### Directions for this task
Where a record contains an image, leave the image out and print the rest exactly.

▼

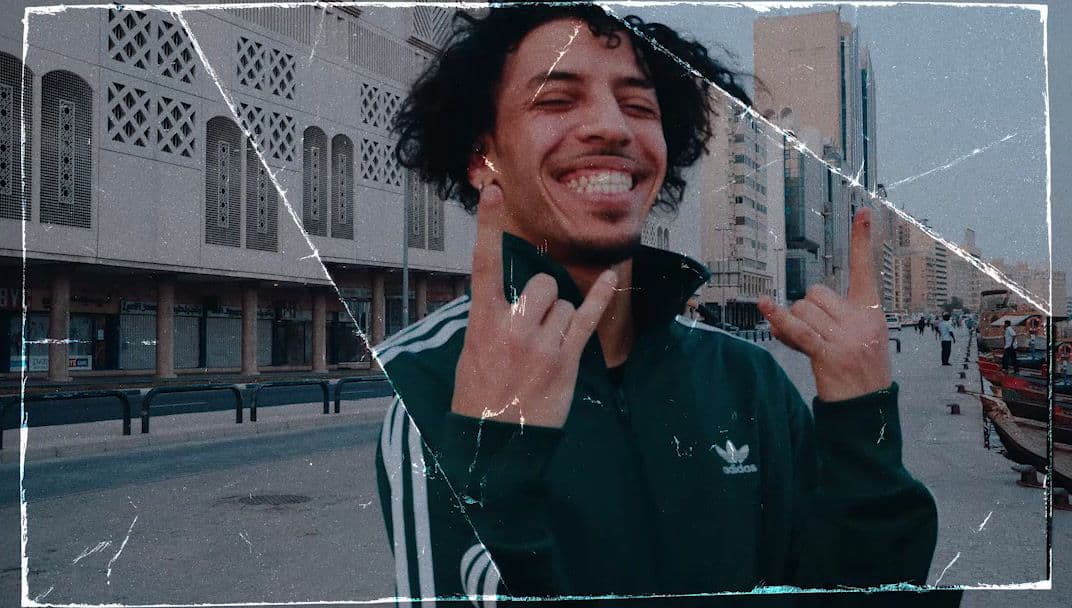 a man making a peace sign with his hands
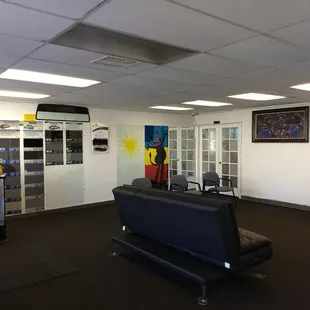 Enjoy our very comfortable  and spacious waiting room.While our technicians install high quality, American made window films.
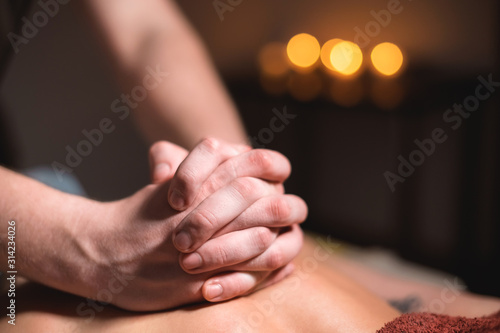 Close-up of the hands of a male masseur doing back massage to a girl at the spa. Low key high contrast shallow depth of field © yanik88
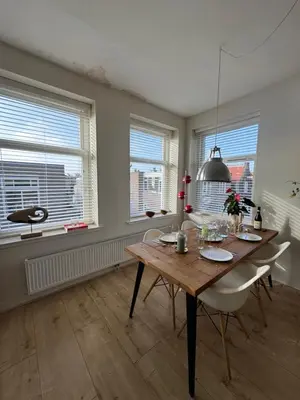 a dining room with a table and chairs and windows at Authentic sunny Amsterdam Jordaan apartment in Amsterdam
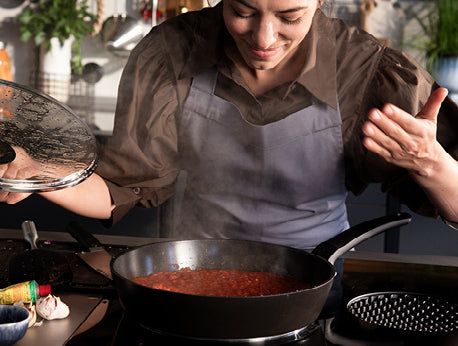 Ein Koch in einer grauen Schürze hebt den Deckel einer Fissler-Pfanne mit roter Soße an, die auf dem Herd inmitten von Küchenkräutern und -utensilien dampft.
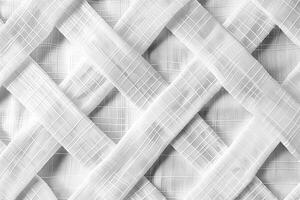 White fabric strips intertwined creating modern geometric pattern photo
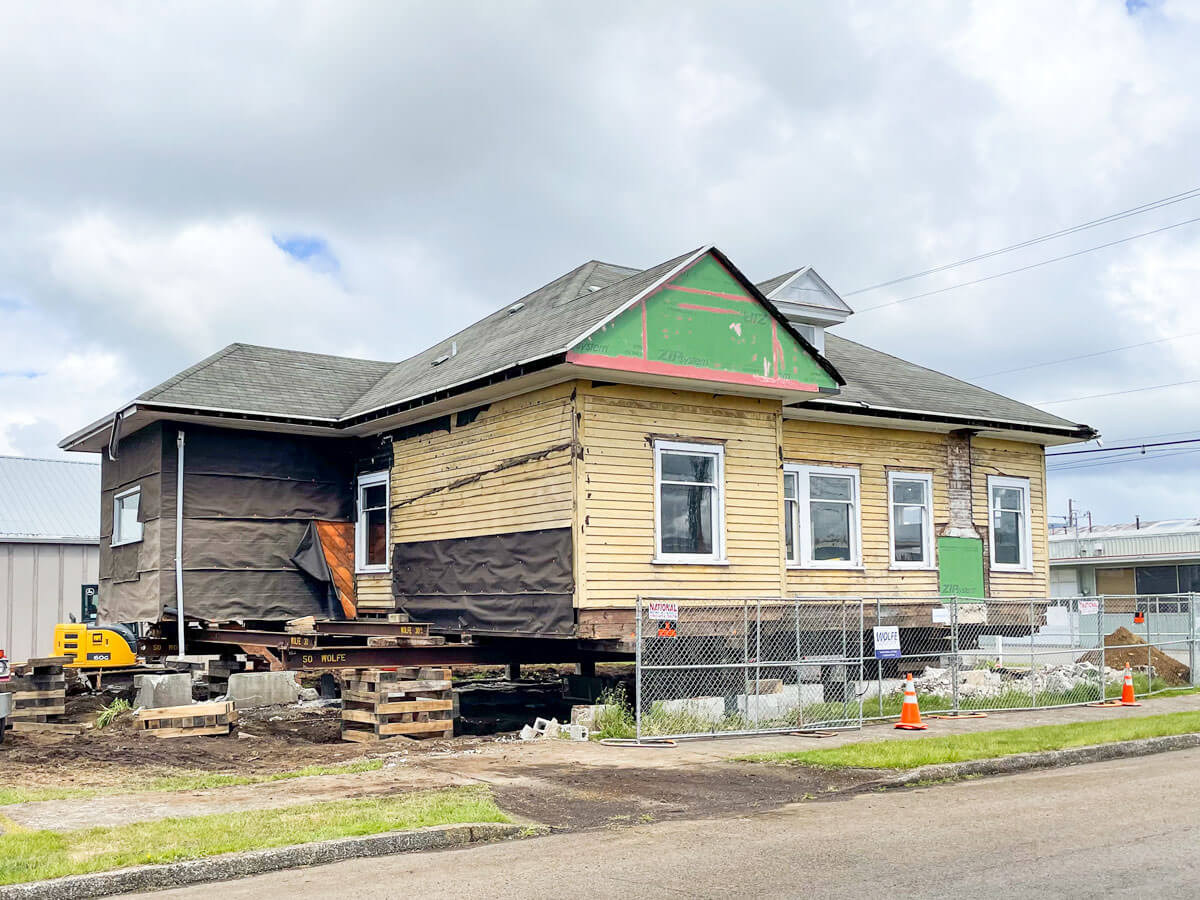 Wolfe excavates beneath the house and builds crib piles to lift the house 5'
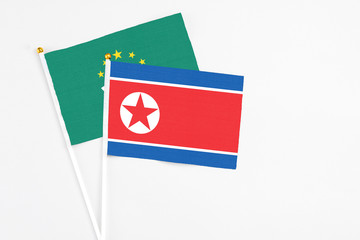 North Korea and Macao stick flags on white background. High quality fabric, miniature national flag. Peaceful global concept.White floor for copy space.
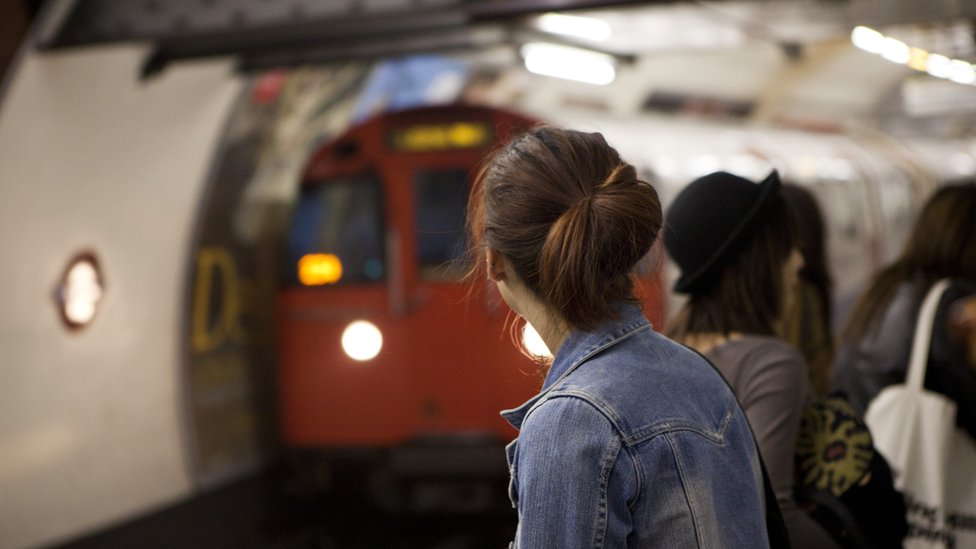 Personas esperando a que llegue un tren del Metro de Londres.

▲

### Output of the task
 a man making a peace sign with his hands
 Enjoy our very comfortable  and spacious waiting room.While our technicians install high quality, American made window films.
 Close-up of the hands of a male masseur doing back massage to a girl at the spa. Low key high contrast shallow depth of field © yanik88
 a dining room with a table and chairs and windows at Authentic sunny Amsterdam Jordaan apartment in Amsterdam
 Ein Koch in einer grauen Schürze hebt den Deckel einer Fissler-Pfanne mit roter Soße an, die auf dem Herd inmitten von Küchenkräutern und -utensilien dampft.
 White fabric strips intertwined creating modern geometric pattern photo
 Wolfe excavates beneath the house and builds crib piles to lift the house 5'
 North Korea and Macao stick flags on white background. High quality fabric, miniature national flag. Peaceful global concept.White floor for copy space.
 Personas esperando a que llegue un tren del Metro de Londres.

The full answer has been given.